Tara Holmberg: Using InTeGrate Materials in Introduction to Environmental Science - EVS 100 (Online) at Northwestern Connecticut Community College


About this Course

Lower division course for non-science, education, AND science majors.
22
students
Online, Asynchronous

Spring 2018 Syllabus: EVS 100 Online (Acrobat (PDF) 438kB Sep28 18)

As part of my second mentoring of the InTeGrate FMN for QUBES, I chose to focus on my conversion of several resources to an online course format. I've used InTeGrate materials in multiple onground and hybrid courses since Spring 2016. Student achievement gains in objectives related to soils, agriculture, mining, climate change, among others have been measurable through these resources. Beginning in the fall of 2017, and continuing through spring and summer 2018, I began to add InTeGrate modules to purely online courses (Intro to Environmental Science and Earth Science) with the same goals and outcomes.
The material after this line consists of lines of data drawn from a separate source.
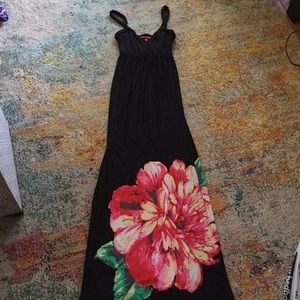 Beautiful dress with flower detail on bottom🌺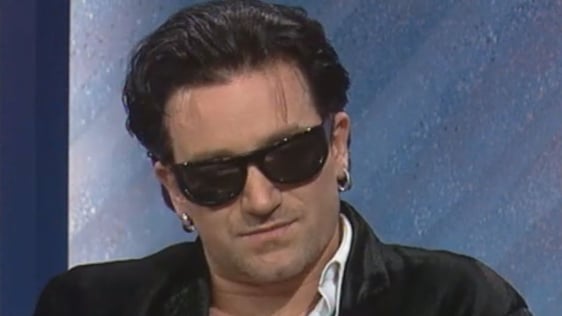 Bono talks Zoo TV on Kenny Live (1992)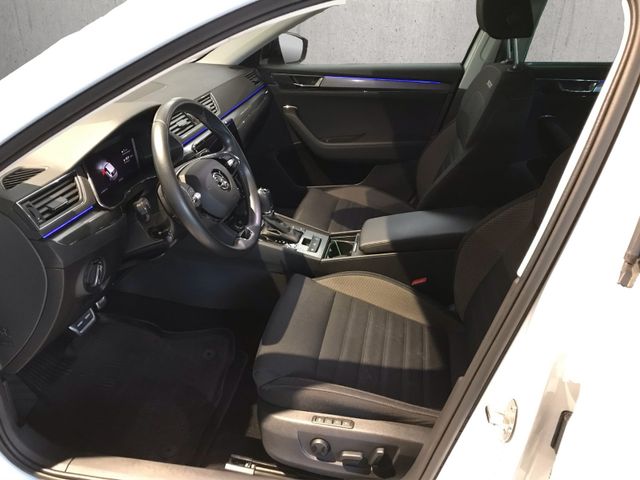 Superb Combi Scout 2.0 TDI 4x4 DSG*BLACK*AHK*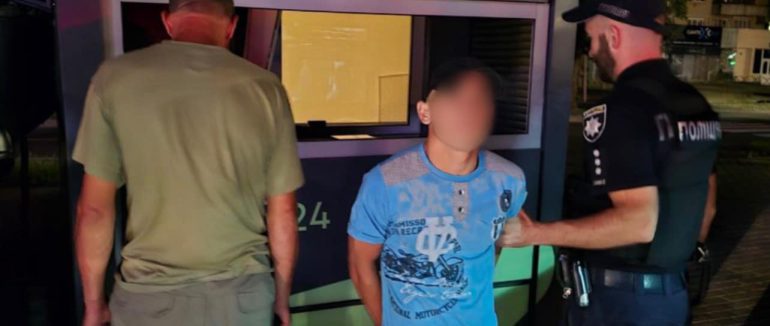 В Ужгороді патрульні затримали чоловіка у вікні обмінника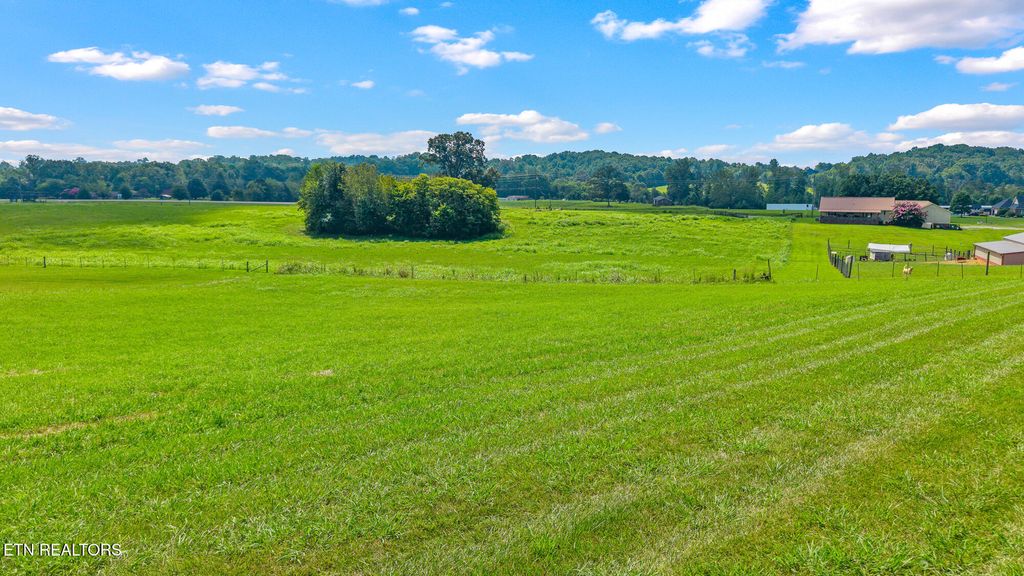 Photo of Oakwood Drive, Madisonville, TN 37354 (MLS # 1309875)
The interactive and interdisciplinary nature of the InTeGrate modules bring richness to a course that should be available to students no matter what through which modality they are learning.

My Experience Teaching with InTeGrate Materials

I have been working with InTeGrate materials since the Spring of 2016 in multiple courses. In my first semester, I was a mentee in a QUBES/InTeGrate Faculty Mentoring Network (FMN) and began by incorporating one module into my Environmental Science course. Since then, I have adapted units and activities from 8 of the modules into a variety of courses I teach (Environmental Science, Ecology, Botany, General Biology, and Earth Science). I have also been a Mentor in two QUBES/InTeGrate FMNs in Spring 2017 and Spring 2018.

Relationship of InTeGrate Materials to my Course

My course is a full semester and the activities take place throughout the semester as the relevant topics are addressed. The activities are woven fairly well into the course so that they do not seem to be unusual to my students as I have them doing activities every week.

Assessments

Online group work, which is much of the formative assessment of the units I use in my onground classes, can be difficult in online courses. Students have widely varied schedules and my course, which is set up as a survey class, tends to be quite fast-paced, especially during the summer. Therefore, I've focused my attention on individual activities with group discussions and responses as extensions from those activities. Finally, I've incorporated the higher-level thought questions for online courses into my summative assessments where they are expected to integrate the knowledge from the course materials and the InTeGrate activities into a meaningful picture of the world's issues.

Outcomes

Overall, utilizing these resources in my online courses has proven to be just as rewarding as in my onground classes, although, as with most online teaching, it has taken much more forethought to get there. I encourage anyone teaching online that is incorporating sustainability or geoscience to consider adapting these resources for their own courses.